CFS PORTALES ETHANOL I, LTD., a New Mexico limited partnership, et al., Defendants.
No. 17300.
Supreme Court of New Mexico.
May 12, 1988.David S. Proffit, Albuquerque, for plaintiff.
Garrett & Richards, Michael T. Garrett, Clovis, for defendants.
OPINION
WALTERS, Justice.
Are twenty-five year leaseholds and the buildings constructed thereon, both of which served as security for construction loans to build those structures, within the *521 meaning of "real estate" and thus subject to redemption after a foreclosure sale? That is the issue certified to us by Judge John E. Conway of the United States District Court for the District of New Mexico. Our opinion is confined strictly to the question certified.

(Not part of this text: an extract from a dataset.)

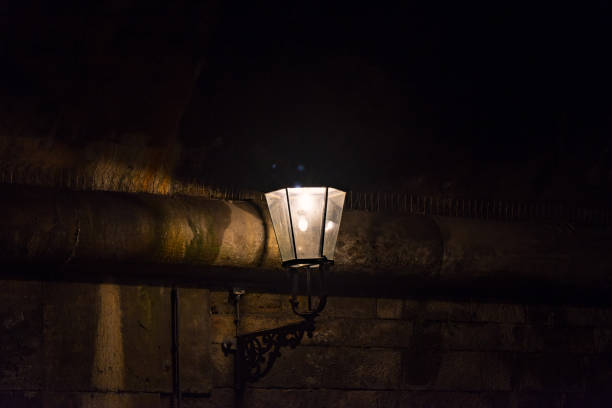 istock Street lamp in Dresden 638193506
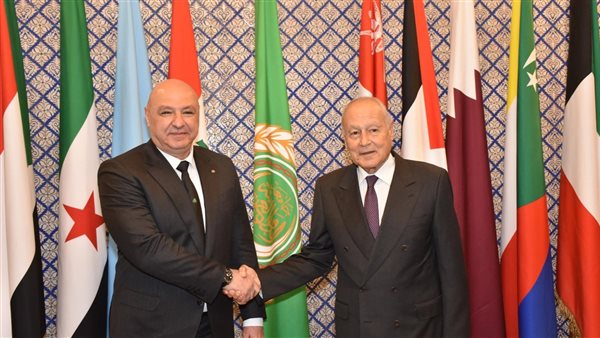 أبو الغيط - عون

Western Savings and Loan Association filed an action for judgment against CFS Portales Ethanol I on two promissory notes, and for foreclosure of the real estate mortgages and security agreements collateralizing those notes. The federal district court entered judgment for Western and ordered a foreclosure sale. Roger Pattison purchased the buildings and the leaseholds at the sale, subject to rights of redemption. R.C. Meyers, who had acquired the redemption rights from the liquidating trustee of CFS, served notice of redemption upon Pattison, and made a proper tender under NMSA 1978, Section 39-5-18. Pattison filed a rejection of tender; Meyers thereupon moved for a determination of property rights. The district court took the petition for redemption under advisement pending our ruling on the certified issue.

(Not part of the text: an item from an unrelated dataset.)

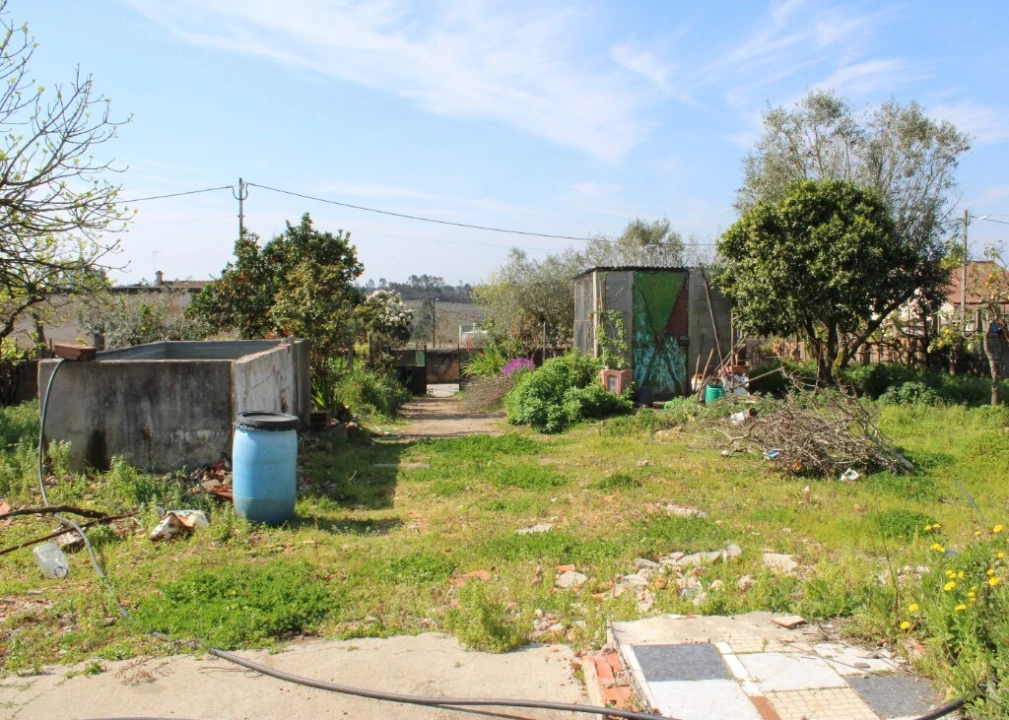 Moradia T4 para Venda em Aldeia do Mato e Souto Foto 4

Petitioner Meyers argues that the leaseholds are real property, claiming that the controlling definition for real estate is found in the banking statute. See NMSA 1978, § 58-1-21(C) (Repl.Pamp. 1986). He takes a logically inconsistent position, however, by asserting that the legislature intended that secured transactions involving interests in land be governed by the law of real property. Meyers further asserts that the ethanol plants constructed with the proceeds from the notes secured by the mortgage also are real property, pointing to the mortgages as reflecting the parties' intent to treat the loans as real estate mortgages.
Pattison, on the other hand, contends that the banking law pertaining to loans with leaseholds as security has no bearing on the definition of real estate in regard to redemption. He emphasizes the parties' intent that the buildings be treated as personal property because the lessee and lessor provided for removal of the buildings upon termination of the lease.

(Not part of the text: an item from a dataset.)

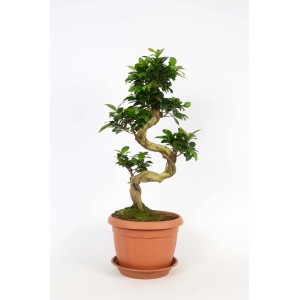 Ficus Bonsai in vaso marrone. Pianta da interno con tronco contorto e foglie verdi.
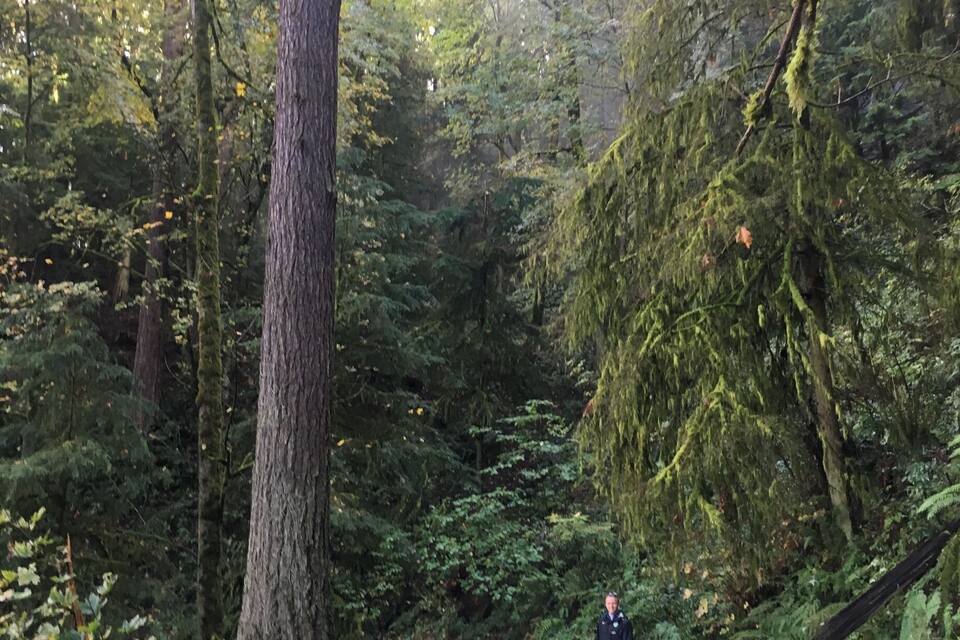 Een pad door een dicht bos, met bomen en een persoon die loopt.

A leasehold or a term for years is a chattel, not real property, no matter how long its term. Ellison v. Ellison, 48 N.M. 80, 82, 146 P.2d 173, 174 (1944); State ex rel. Truitt v. District Court of Ninth Judicial Dist., 44 N.M. 16, 29, 96 P.2d 710, 718 (1939); American Mortgage Co. v. White, 34 N.M. 602, 605, 287 P. 702, 703 (1930). We elect to follow the common law governing interests in property because the common law is a more appropriate guide than the banking code in distinguishing personalty from real estate.
When determining whether personal property loses or retains its identity as a chattel by being placed on the land, the general intent of the parties is a controlling factor. Garrison Gen. Tire Serv., Inc. v. Montgomery, 75 N.M. 321, 324-25, 404 P.2d 143, 145 (1965). In Montgomery, the lease expressly provided for the removal of a cabin from the leased property upon the termination of the lease, and the court concluded that the cabin was personal property. Id. at 325, 404 P.2d at 146. Likewise, here, the lease provided for the removal of the plants from the premises and for the restoration of the land to an orderly condition upon termination of the lease. The Notice of Special Master Sale also recognized the nature of the property, providing in its terms that the Master sell "all of the right, title and interest (which does not include the underlying real estate) of the defendant CFS * * * in and to the following-described property and collateral * * *."
Accordingly, we not only conclude that it was the parties' expressed intent that the plants were personal property; we abide by the common law in holding that a leasehold is personal property. Consequently, neither the leaseholds nor the removable buildings may be considered "real estate" subject to redemption.
SCARBOROUGH, C.J., and SOSA, Senior Justice, concur.